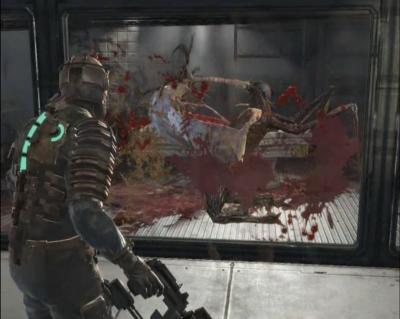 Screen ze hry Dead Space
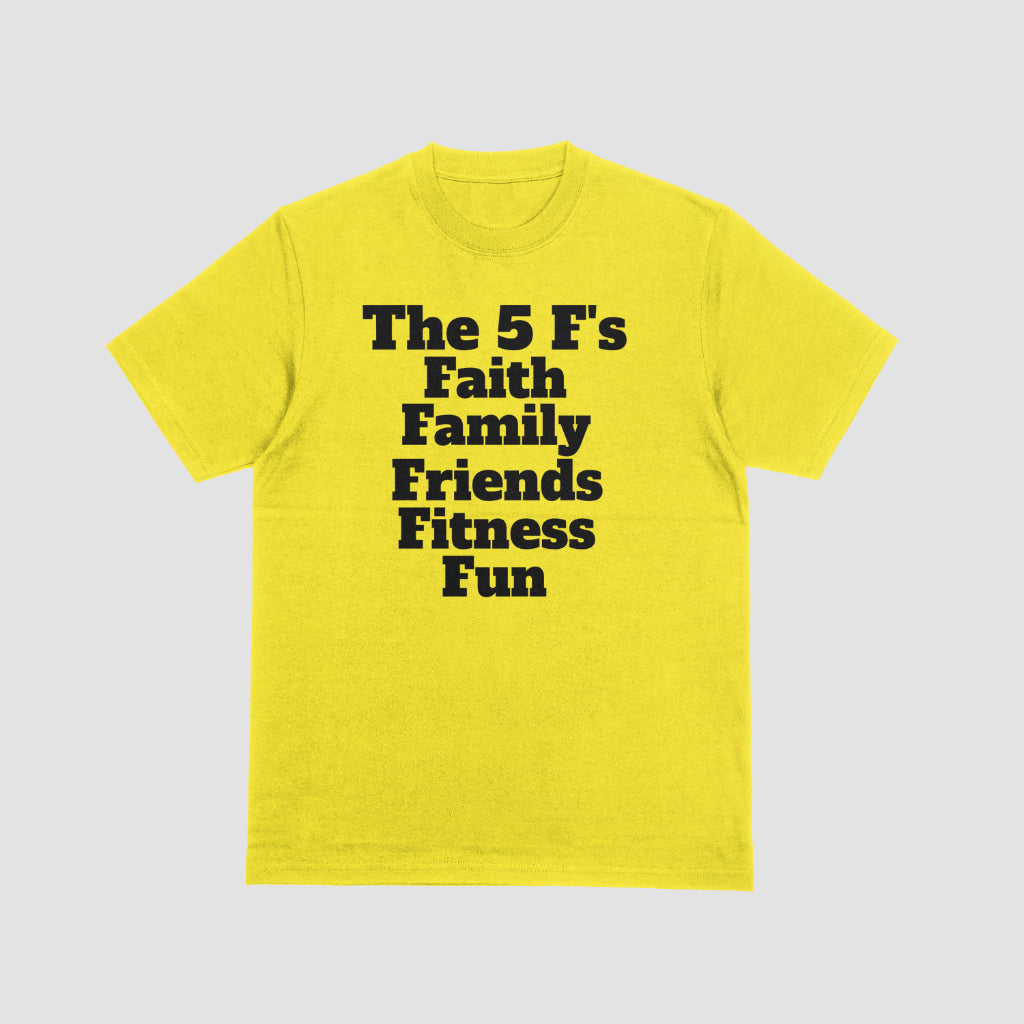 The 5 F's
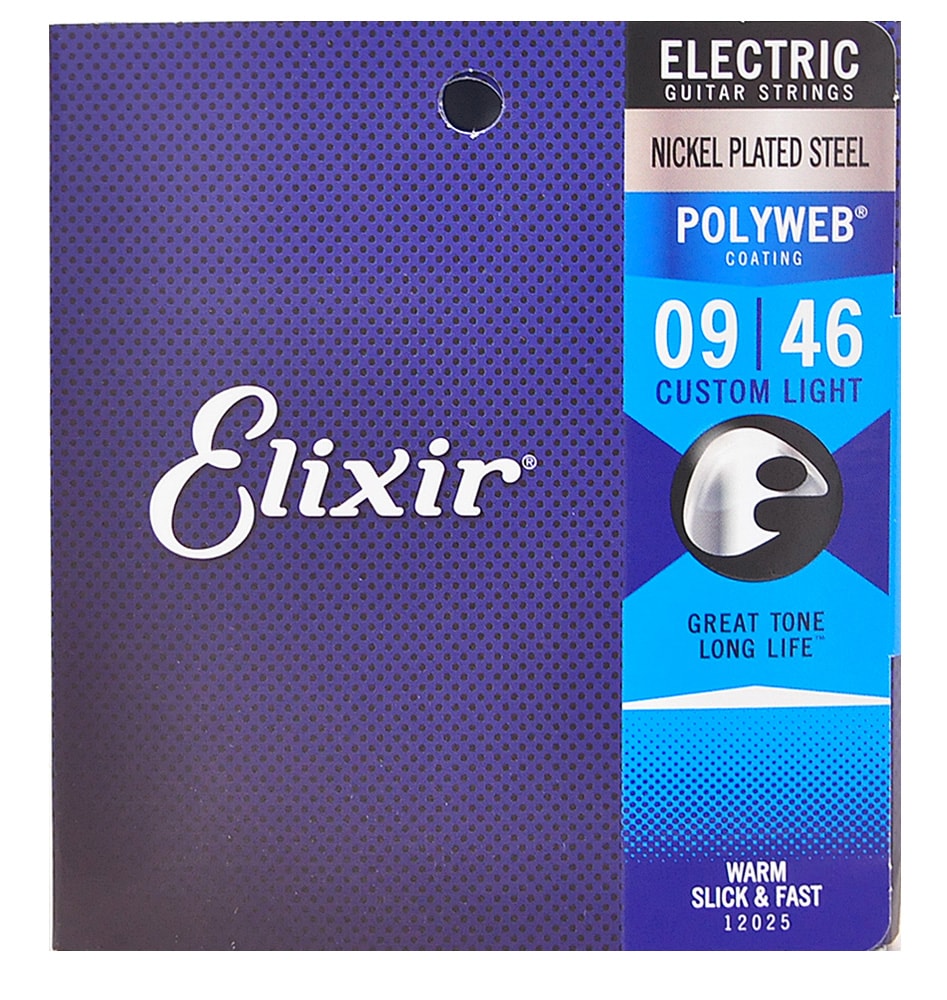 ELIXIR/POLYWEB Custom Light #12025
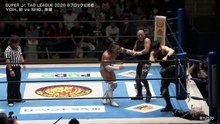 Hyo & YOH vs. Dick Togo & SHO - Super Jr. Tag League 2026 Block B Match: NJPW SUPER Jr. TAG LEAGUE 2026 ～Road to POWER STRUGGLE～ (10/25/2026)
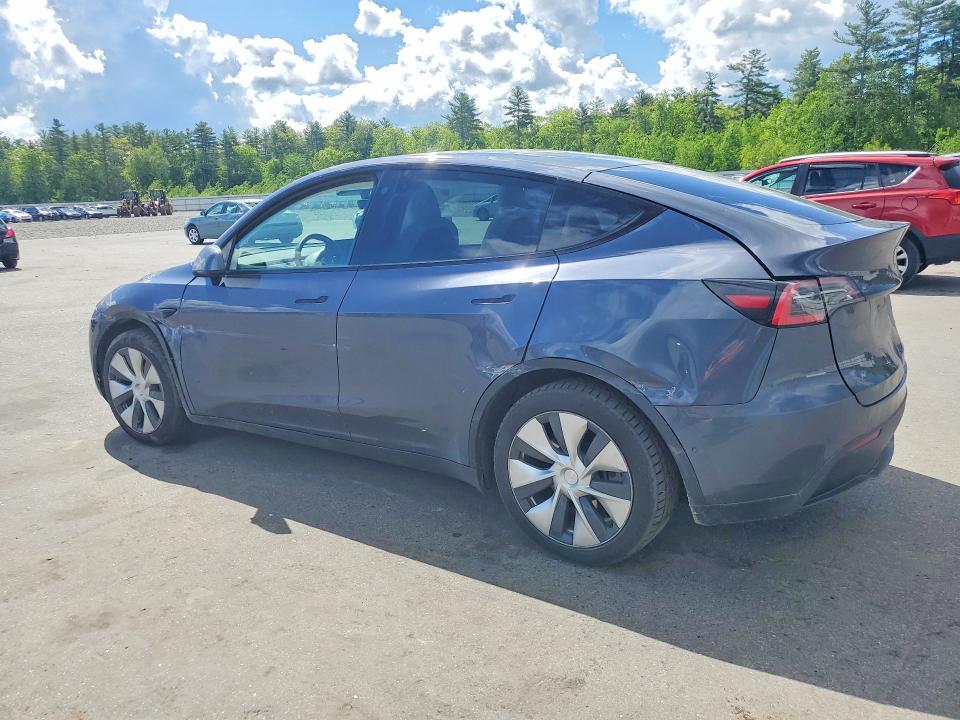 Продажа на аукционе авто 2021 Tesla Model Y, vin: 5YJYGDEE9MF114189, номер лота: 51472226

::::::

**What the exercise asks**: Everything in the listing must be restated word for word, except for the pictures.

**Written solution**:
 Screen ze hry Dead Space
 The 5 F's
 ELIXIR/POLYWEB Custom Light #12025
 Hyo & YOH vs. Dick Togo & SHO - Super Jr. Tag League 2026 Block B Match: NJPW SUPER Jr. TAG LEAGUE 2026 ～Road to POWER STRUGGLE～ (10/25/2026)
 Продажа на аукционе авто 2021 Tesla Model Y, vin: 5YJYGDEE9MF114189, номер лота: 51472226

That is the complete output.